The configuration is a monster, I have a site-to-site vpn tunnel set up with IPSEC, group 20, etc, and client vpn running from the internet. Debug crypto isakmp on the pix outputs produce nothing, I'm sniffing between my wireless network access point and the PIX and getting ICMP Port unreachables, so I don't have something right. The client tries 3 times, logs the attemtps, and says the peer didn't respond (this is a laptop, cisco aironet 350 card, etc).
I'm doing encryption and authentication, in fact with RADIUS on the wireless devices. WEP isn't secure enough, and we are in a busy office area where people like to snoop around. I also have a linux device in the middle (a router, iptables, etc.) that only allows trusted MAC addresses, and does some tricks with DHCP and DNS, and allows me to sniff the traffic on wires. That way if someone associates, just to peek, I will know it in seconds. Heh heh. It's all a pilot project, anyway.
There are lots of philosophical approaches to wireless, so there's lots to discuss. I'd like to keep the config the same so my roaming employees with laptops can use the Cisco client to connect from home the same way in the office (same methodology).
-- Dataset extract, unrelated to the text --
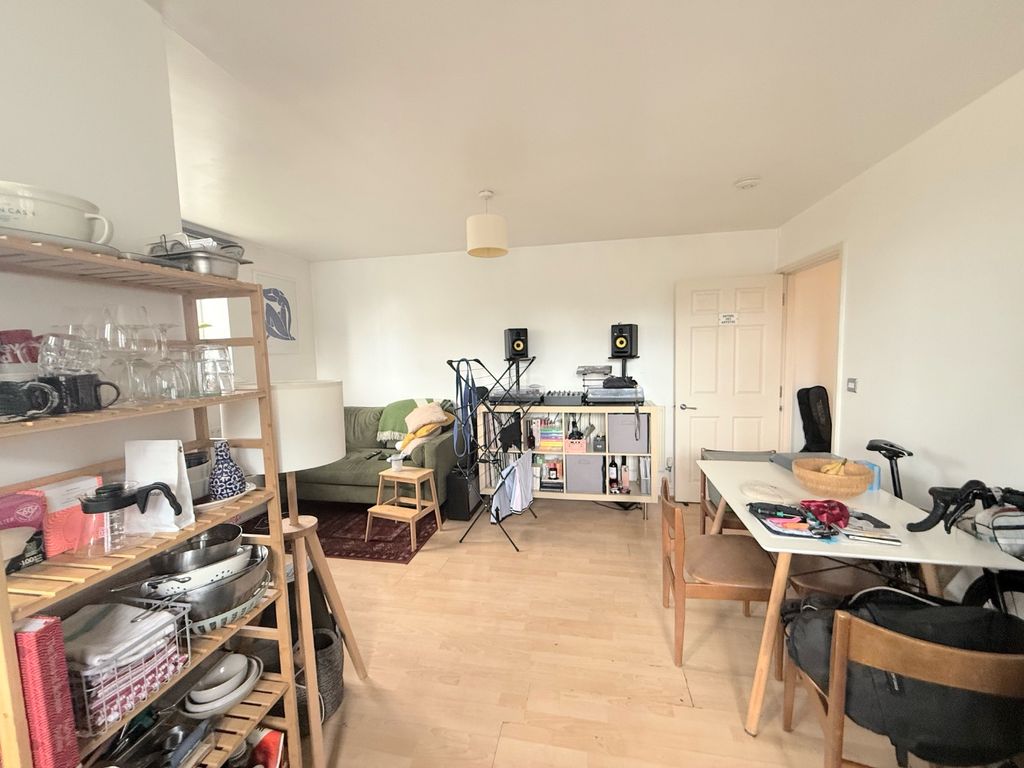 Property photo 3 of 7 4987182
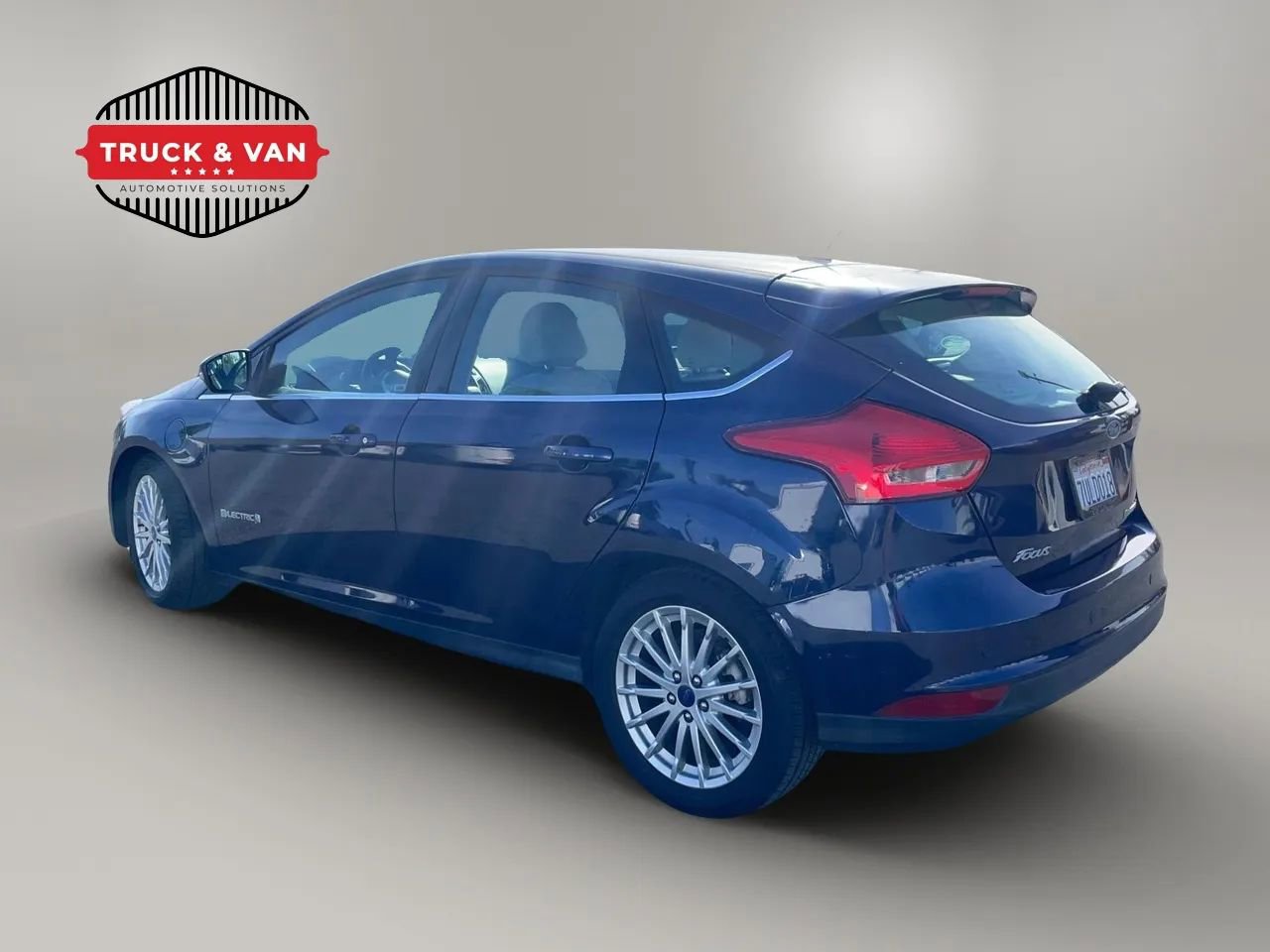 Used 2016 Ford Focus Electric Hatchback FWD image 4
Many are already using wireless devices on their home net, passing through an AP/Router with NAT, and doing IPsec into our network. (many = a dozen).
I'm curious about doing transport mode on an interface while maintaining the non-transport mode on the other interfaces. Possible? Then Microsoft VPN clients might work, but I unfortunately don't have a good test bed. That's right folks, we're playing on the production boxes, so I'm treading lightly.
The wireless devices are PocketPC 2002 devices, with 802.11b and ethernet (yes, wired) interfaces (CF cards we pop in and out, depending on where they are at--ethernet means inside the network, wireless means AP outside the firewall on it's own inteface and someday VPN back in). I'm using MovianVPN and it works like a charm--just like the Cisco VPN client on Windows in fact. Cost is a little heavy ($50 USD), but I'm inside the network pulling up intranet applications, etc just like I'm hard wired in. Yes, it handles the RADIUS request and prompts username and password as well. I'm quite impressed with it. My understanding is MovianVPN is available for Palm devices as well, but we've been slowly moving away from Palms because the raw functionality of PocketPCs is so great.
In the not-too-distant future, we'll be doing PDA with bluetooth to bluetooth data cellular phones (like a t-mobile or AT&T SonyEricsson T68i)--hopefully our US carriers will catch up with performance. I might be experimenting with wired phones (adapter cable to SprintPCS phone), but 16kbps throughput is pretty painful. Right now I'm using public access points (the local coffee shop) to VPN in.
I'll see what I can job out of the config and post it on Monday. I'm definitely curious what I'm missing.